I have the following dilemma:

Calculate Marginal effect by hand with logit function and dummy binary variables

I understand-ish what marginal effects are, also the calculation of it, derivation of the sigmoid function and how to interpret it (as a the change in probability by increasing your variable of interest by "a little bit", this little bit being 1 for discrete vars or by a std(x)/1000 for continuous ). Now, the part I find tricky is to corroborate the results of the marginal effects by hand and recalculating the probabilities for x=0 and then x=1 (for example) with and then get a difference in probability equal to the marginal effect I got earlier, I am particularly stuck dummy variables since If I increase one, I have to decrease the other one, so I am not so sure how to work around it and interpret it. (this question also applies for highly correlated variables)

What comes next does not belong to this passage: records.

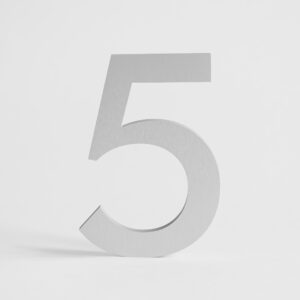 NUMERO EN ALU-RELIEF 110 MMNATURE "5"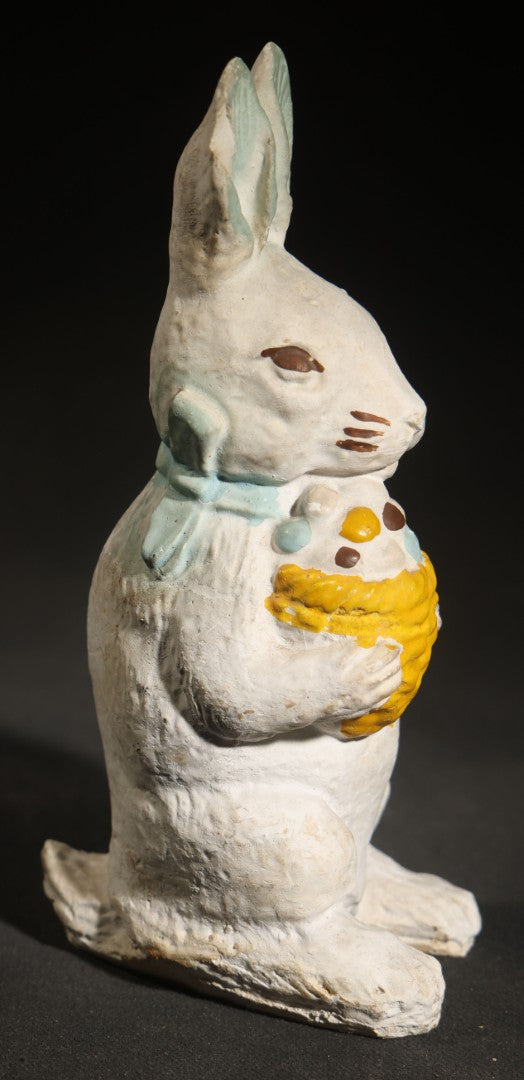 Vintage Chalkware Easter Bunny Figure Holding Egg Basket, Polychrome Paint, Note Chipped Ear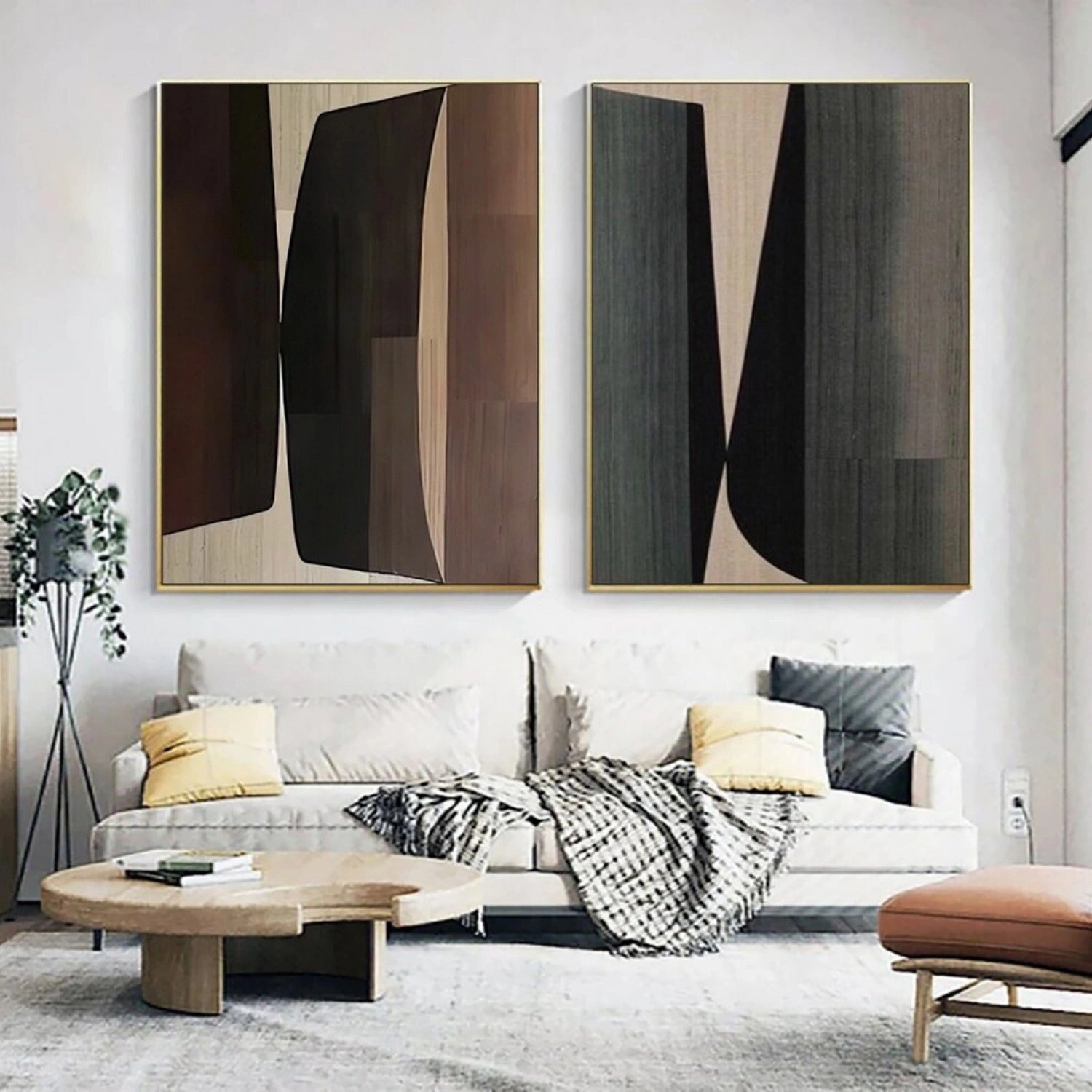 Modern Abstract Geometric Art | Earth Tone Canvas Pair #TB 121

To make it more clear, let's say I have the following dataset:

x0, x1, x2, x3, x4, x5, x6
[1 , 0. , 0. , 4.6, 3.1, 1.5, 0.2],
[1 , 0. , 1. , 5. , 3.6, 1.4, 0.2],
[1 , 1. , 0. , 5.4, 3.9, 1.7, 0.4],
[1 , 0. , 1. , 4.6, 3.4, 1.4, 0.3],
[1 , 1. , 0. , 5. , 3.4, 1.5, 0.2],
[1 , 0. , 0. , 4.4, 2.9, 1.4, 0.2],
[1 , 0. , 1. , 4.9, 3.1, 1.5, 0.1],
[1 , 1. , 0. , 5.4, 3.7, 1.5, 0.2],
...

x0 = What will eventually the intercept.
x1, x2 = Dummy variables, I left 2/3, one dropped to avoid co linearity.
x3,4,5,6 = regular continuous variables

Coefficients:
[ 7.56986405, 0.75703164, 0.27158741, -0.37447474, -2.79926022, 1.43890492, -2.95286947]

logit
[-3.34739217,
-2.27001103,
-1.49517926,
-0.77178644,
-0.808111,
-2.48474722,
-1.76183804,
-0.90621541
...]

Probabilities
[0.03398066,
0.09363728,
0.18314562,
0.31609279,
0.30829318,
0.0769344 ,
0.14656029,
0.28777491,
...]

Marginal effect = p*(1-p) * B_j

Now let's say that I am interested in the marginal effect of x1 (one of the dummies), I will simply do: p*(1-p) * 0.7570 (its respective coefficient), which will result in an array of length n (# of obs) with different marginal effects (which is fine because I understand that the effects are non constant and non-linear). Let's say that this array goes from [0.0008 to 0.0495]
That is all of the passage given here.